Please copy every record below exactly, but leave the pictures out.

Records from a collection
Segment Open
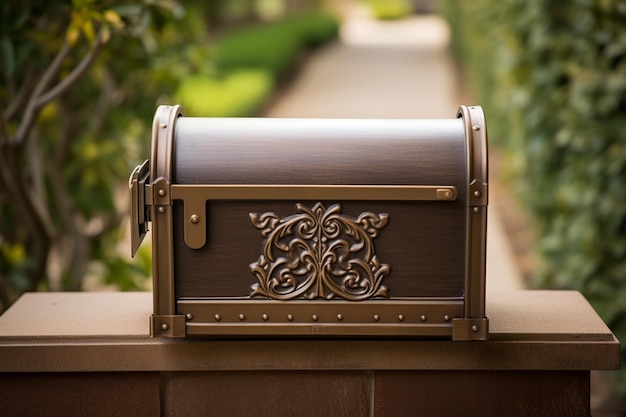 Porte en bois traditionnelle avec détails dorés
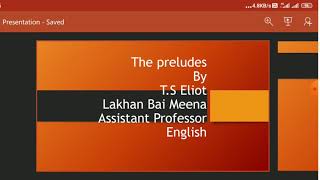 The Preludes TS Eliot Part1 B A 3rd Year [upl. by Hubie]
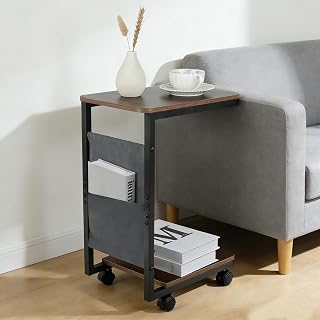 comfoyar Mesa lateral em forma de C, mesa de cabeceira de madeira com rodas para poltrona reclinável de sofá, mesa de café, bandejas de TV com bolsa de armazenamento para espaços pequenos, sala de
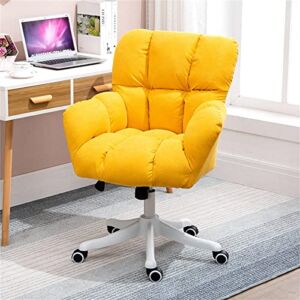FZYUAN Upholstered Office Chair, Modern Mid Back Thickn Swivel Chair, Ergonomic Desk Chair with Adjustable Height, Computer Chair for Home Work Office,Yellow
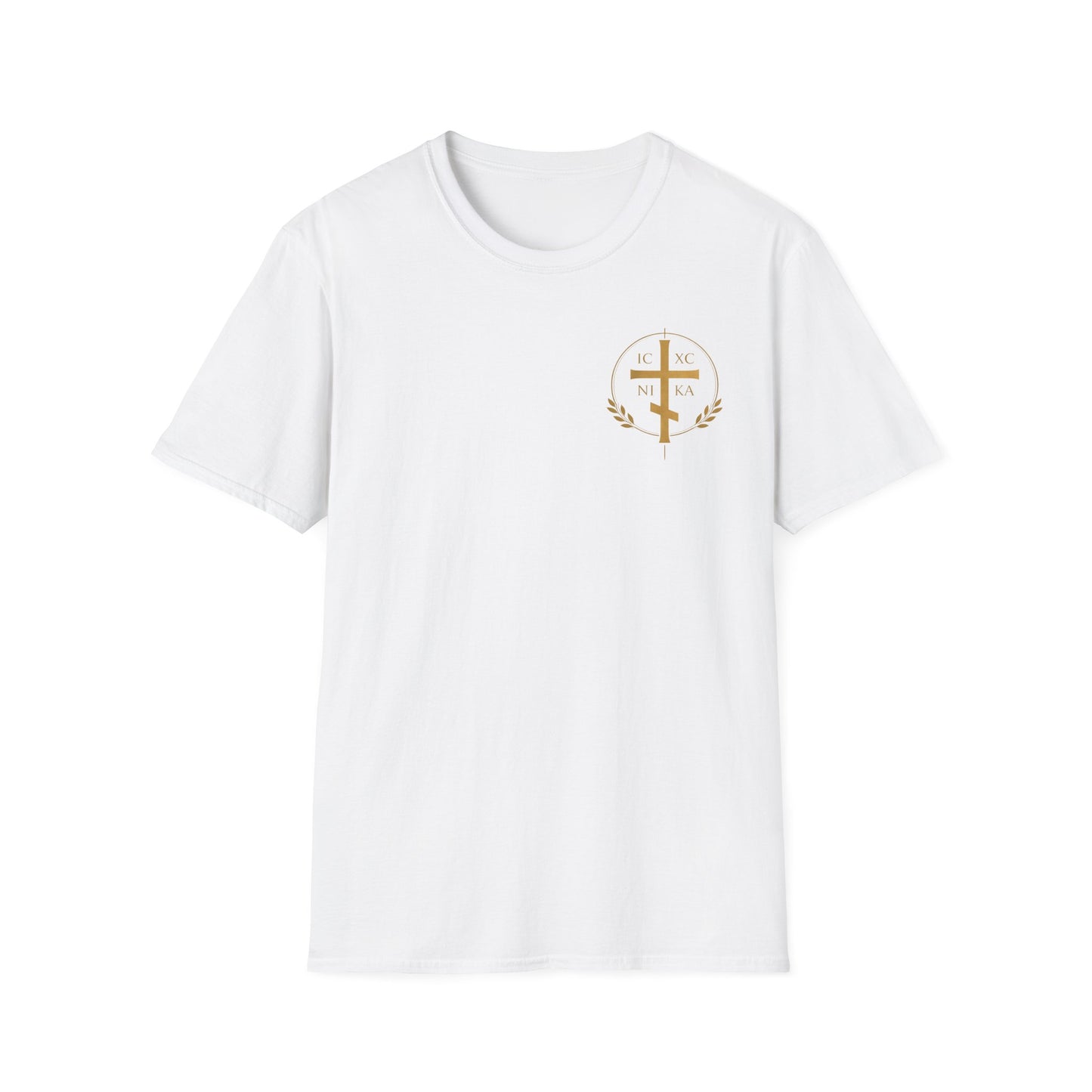 Christian Cross Wings T-Shirt — Gold Faith Graphic Tee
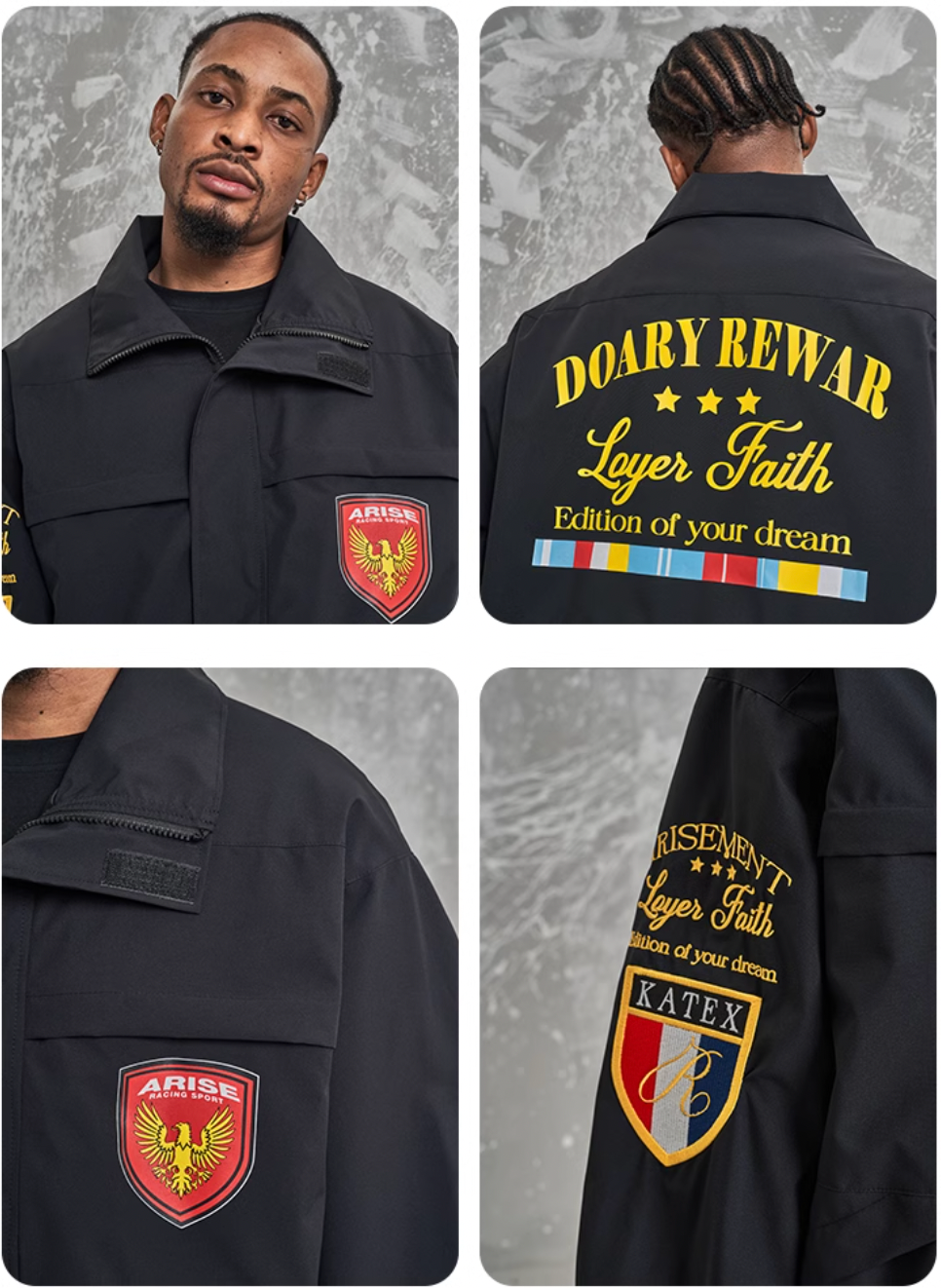 F3F Select Embroidery Windbreaker Police Short Jacket | Face 3 Face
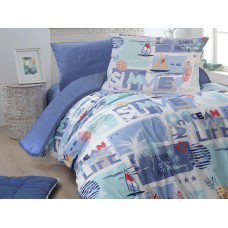 Kokvilnas gultas veļa 140x200 Vasaras ballīte zila jauniešu palma ananāsi kuģi Cottonlove Exclusive 4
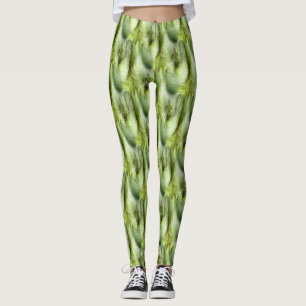 Cattail Fluff Nature Abstrakt Mönster Leggings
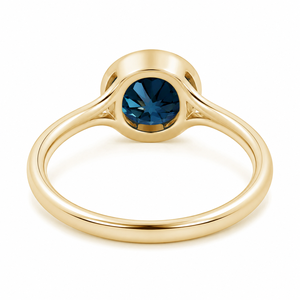 Luxury Round Cut Deep Blue Gemstone Bezel Set Solitaire <b>Ring</b> <b>for</b> <b>Women</b> in 10K 14K 18K Gold & 925 935 Sterling Silver - Product Image 2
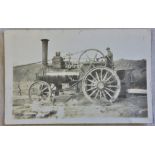 Steam Tractor Engines - A fine early RP postcard - Engine at work at Thetford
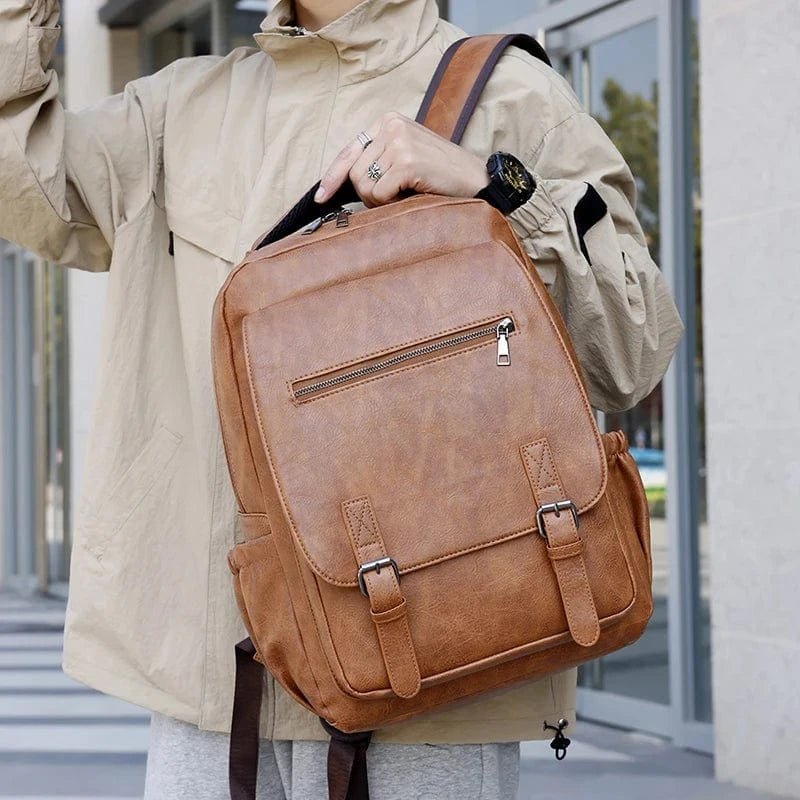 Herre læder rygsæk 30l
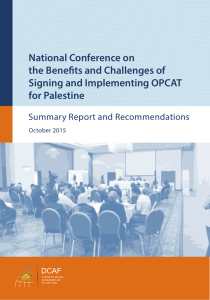 National Conference on the Benefits and Challenges of Signing and Implementing OPCAT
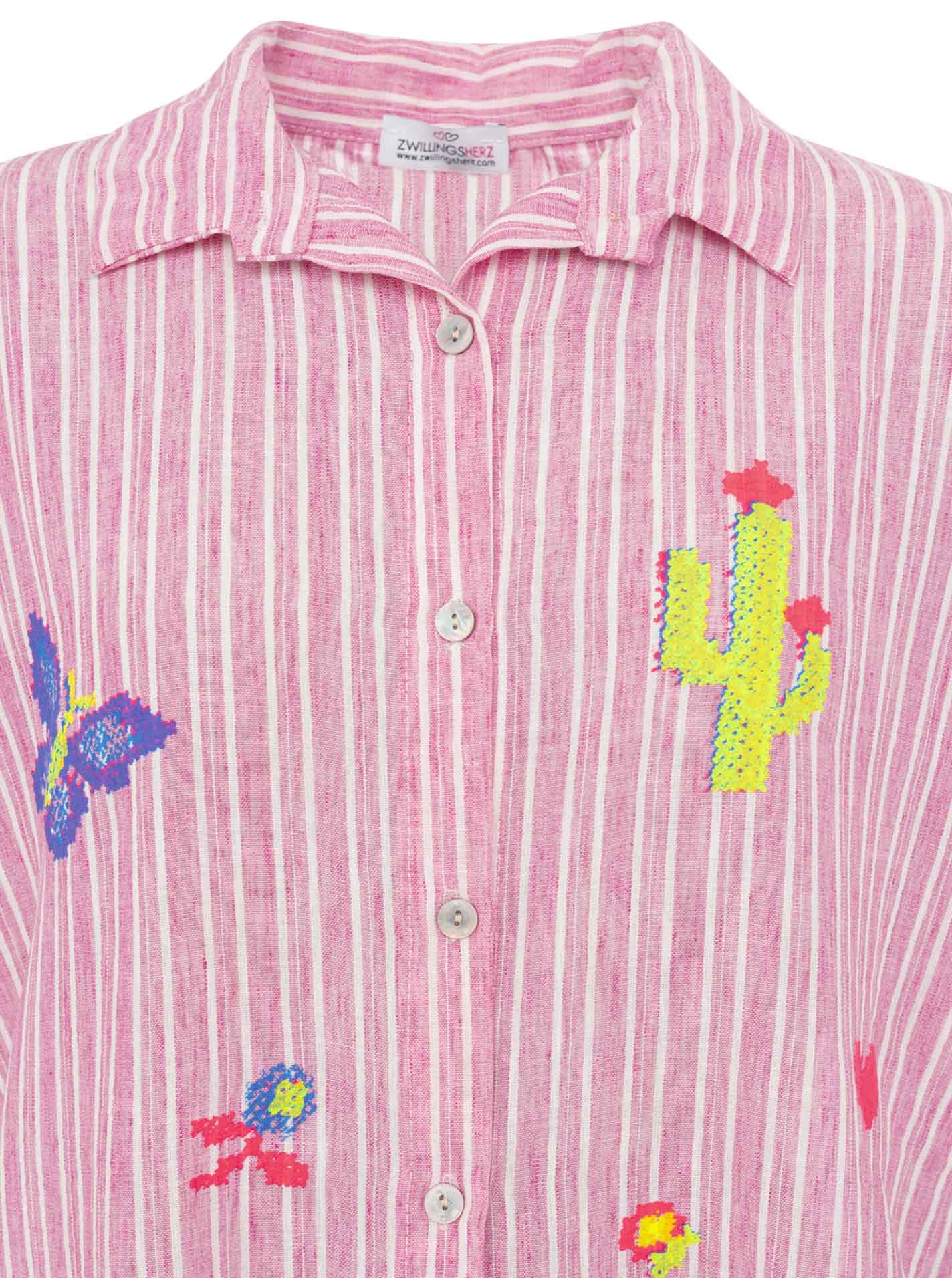 đź’• Zwillingsherz XXL Tunika Leinen Mix "Summer & Sun" Pink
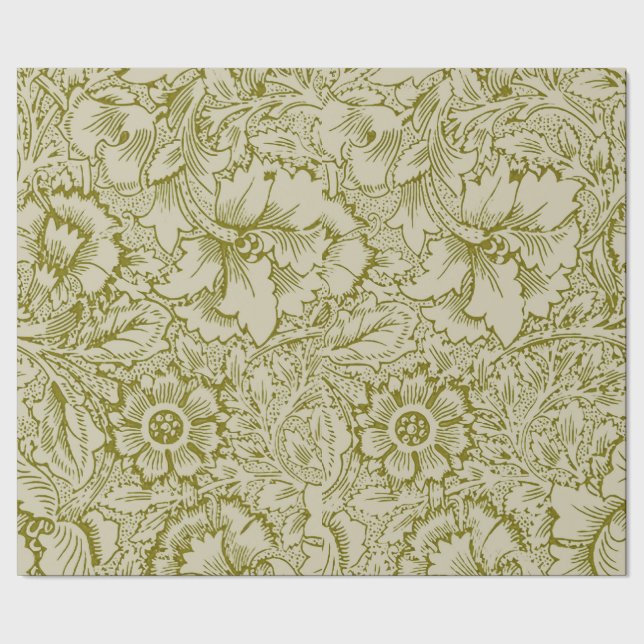 William Morris Poppy Classic Floral Green Wrapping Paper (Seam)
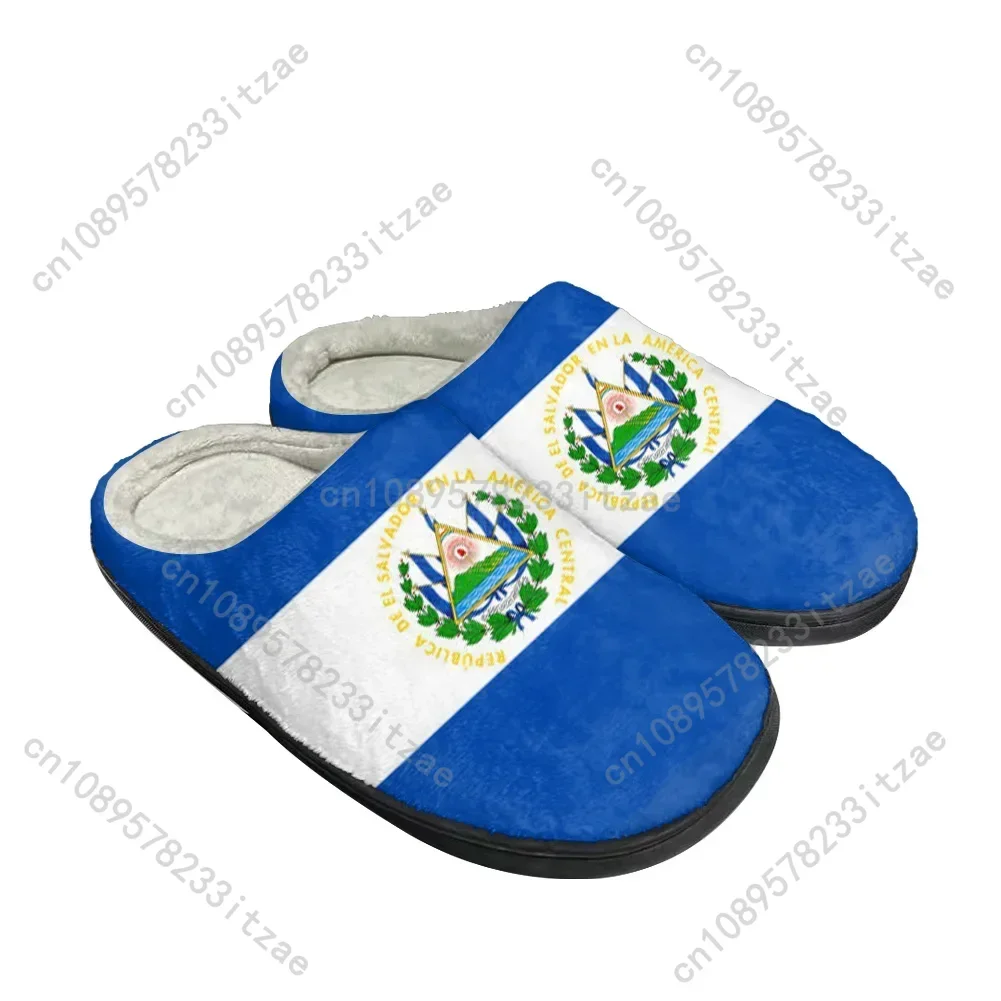 Hot El Salvador Flag Fashion Cotton Custom Slippers Mens Women Teenager Plush Casual Keep Warm Shoes Thermal Comfortable Slipper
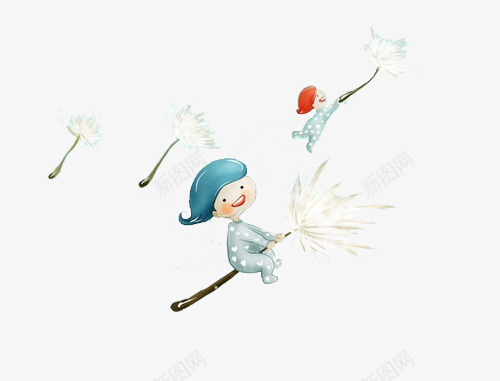 飞翔女孩png免抠素材_88icon https://88icon.com 卡通 天空 快乐女孩 蒲公英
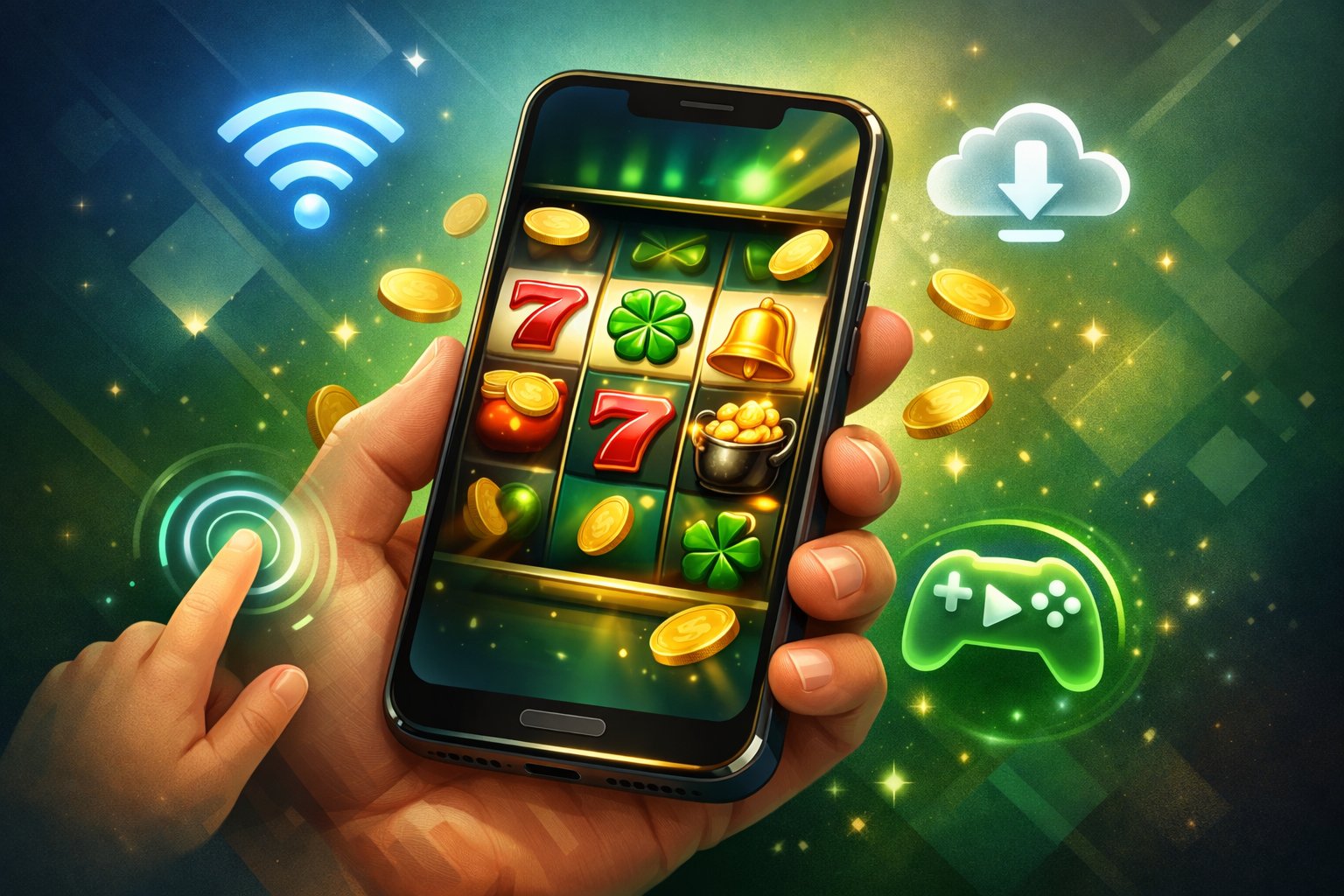 A Hand Holding A Smartphone Showing Colorful Slot Game Reels With Clover And Coin Symbols, Surrounded By Icons Representing Mobile Connectivity And Gameplay.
Segment Closed
Finished task:
 Porte en bois traditionnelle avec détails dorés
 The Preludes TS Eliot Part1 B A 3rd Year [upl. by Hubie]
 comfoyar Mesa lateral em forma de C, mesa de cabeceira de madeira com rodas para poltrona reclinável de sofá, mesa de café, bandejas de TV com bolsa de armazenamento para espaços pequenos, sala de
FZYUAN Upholstered Office Chair, Modern Mid Back Thickn Swivel Chair, Ergonomic Desk Chair with Adjustable Height, Computer Chair for Home Work Office,Yellow
 Christian Cross Wings T-Shirt — Gold Faith Graphic Tee
 F3F Select Embroidery Windbreaker Police Short Jacket | Face 3 Face
 Kokvilnas gultas veļa 140x200 Vasaras ballīte zila jauniešu palma ananāsi kuģi Cottonlove Exclusive 4
 Cattail Fluff Nature Abstrakt Mönster Leggings
 Luxury Round Cut Deep Blue Gemstone Bezel Set Solitaire <b>Ring</b> <b>for</b> <b>Women</b> in 10K 14K 18K Gold & 925 935 Sterling Silver - Product Image 2
 Steam Tractor Engines - A fine early RP postcard - Engine at work at Thetford
 Herre læder rygsæk 30l
 National Conference on the Benefits and Challenges of Signing and Implementing OPCAT
 đź’• Zwillingsherz XXL Tunika Leinen Mix "Summer & Sun" Pink
 William Morris Poppy Classic Floral Green Wrapping Paper (Seam)
 Hot El Salvador Flag Fashion Cotton Custom Slippers Mens Women Teenager Plush Casual Keep Warm Shoes Thermal Comfortable Slipper
 飞翔女孩png免抠素材_88icon https://88icon.com 卡通 天空 快乐女孩 蒲公英
 A Hand Holding A Smartphone Showing Colorful Slot Game Reels With Clover And Coin Symbols, Surrounded By Icons Representing Mobile Connectivity And Gameplay.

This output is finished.